Stored data
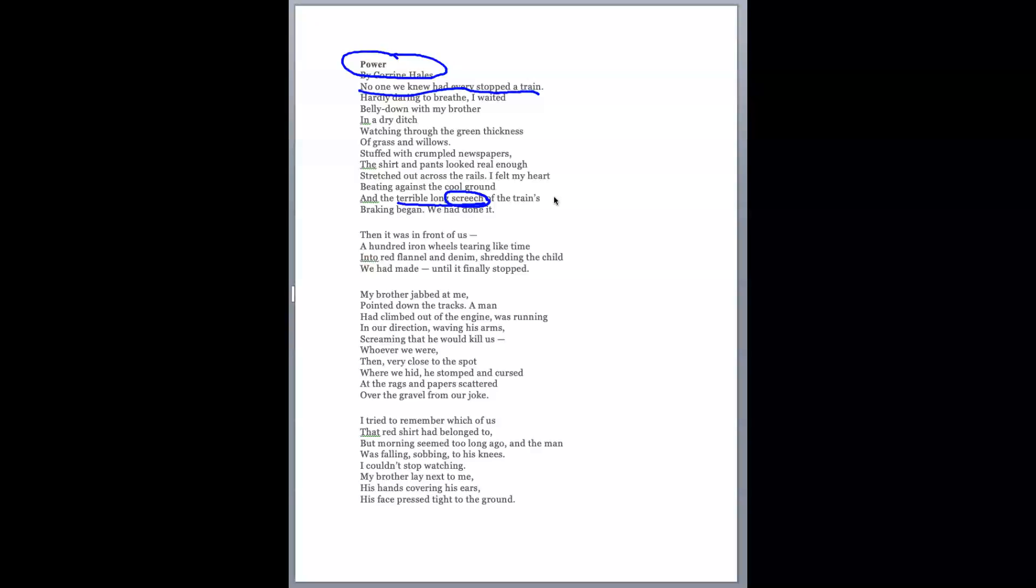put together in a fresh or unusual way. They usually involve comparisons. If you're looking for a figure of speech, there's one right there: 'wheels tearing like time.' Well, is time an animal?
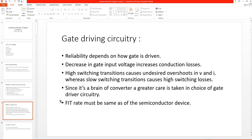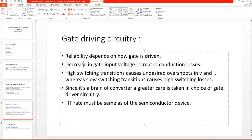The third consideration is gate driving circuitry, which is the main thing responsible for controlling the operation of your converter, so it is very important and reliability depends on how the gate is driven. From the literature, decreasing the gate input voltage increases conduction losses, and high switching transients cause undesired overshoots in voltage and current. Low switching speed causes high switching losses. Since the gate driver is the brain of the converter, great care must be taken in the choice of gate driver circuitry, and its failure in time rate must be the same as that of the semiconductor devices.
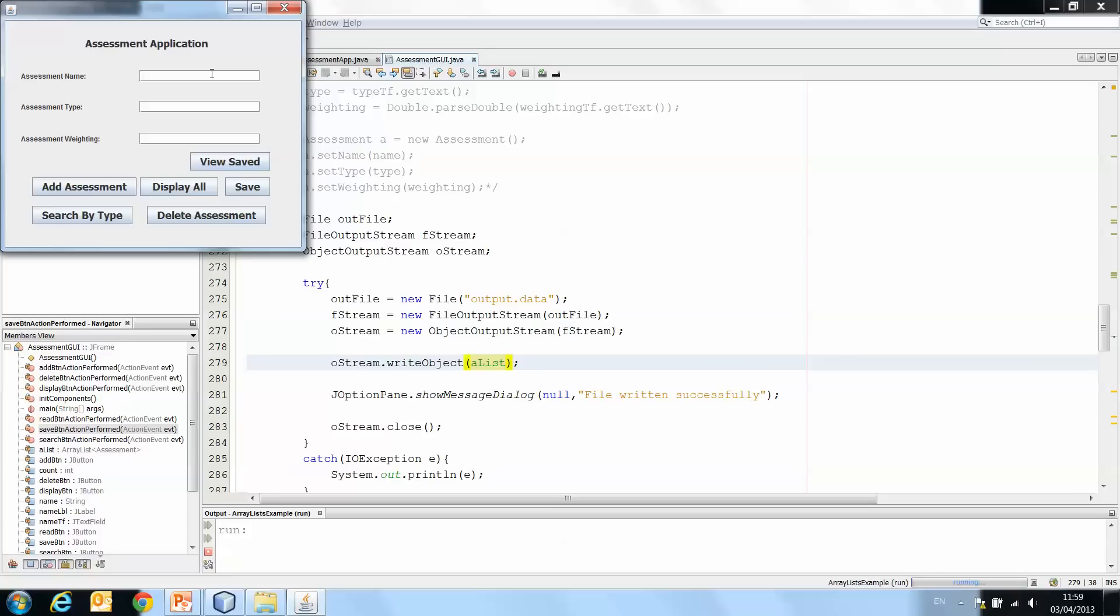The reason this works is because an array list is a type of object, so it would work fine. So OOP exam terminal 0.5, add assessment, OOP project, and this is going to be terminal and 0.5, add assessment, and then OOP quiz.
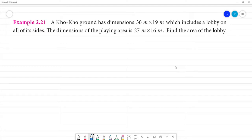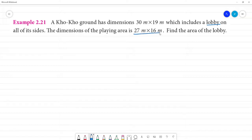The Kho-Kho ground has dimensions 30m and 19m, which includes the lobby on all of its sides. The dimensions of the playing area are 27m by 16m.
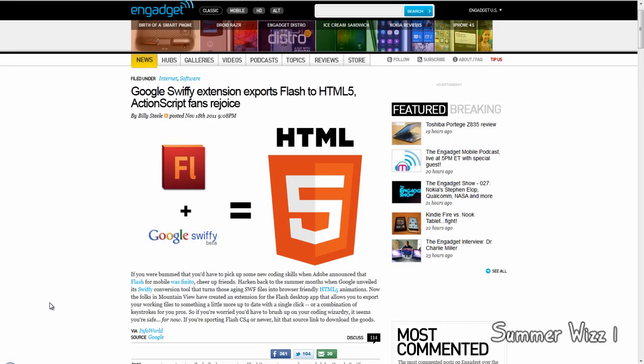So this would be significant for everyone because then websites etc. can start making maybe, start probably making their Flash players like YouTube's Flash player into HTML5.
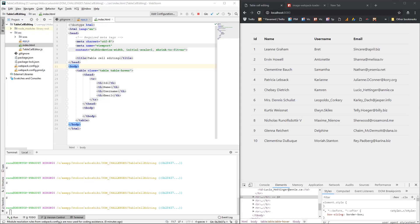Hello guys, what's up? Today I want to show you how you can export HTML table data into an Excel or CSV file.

■ Work required ■
With the pictures excluded, the records are to be reproduced exactly.

■ Task solution ■
put together in a fresh or unusual way. They usually involve comparisons. If you're looking for a figure of speech, there's one right there: 'wheels tearing like time.' Well, is time an animal?
The third consideration is gate driving circuitry, which is the main thing responsible for controlling the operation of your converter, so it is very important and reliability depends on how the gate is driven. From the literature, decreasing the gate input voltage increases conduction losses, and high switching transients cause undesired overshoots in voltage and current. Low switching speed causes high switching losses. Since the gate driver is the brain of the converter, great care must be taken in the choice of gate driver circuitry, and its failure in time rate must be the same as that of the semiconductor devices.
The reason this works is because an array list is a type of object, so it would work fine. So OOP exam terminal 0.5, add assessment, OOP project, and this is going to be terminal and 0.5, add assessment, and then OOP quiz.
The Kho-Kho ground has dimensions 30m and 19m, which includes the lobby on all of its sides. The dimensions of the playing area are 27m by 16m.
So this would be significant for everyone because then websites etc. can start making maybe, start probably making their Flash players like YouTube's Flash player into HTML5.
Hello guys, what's up? Today I want to show you how you can export HTML table data into an Excel or CSV file.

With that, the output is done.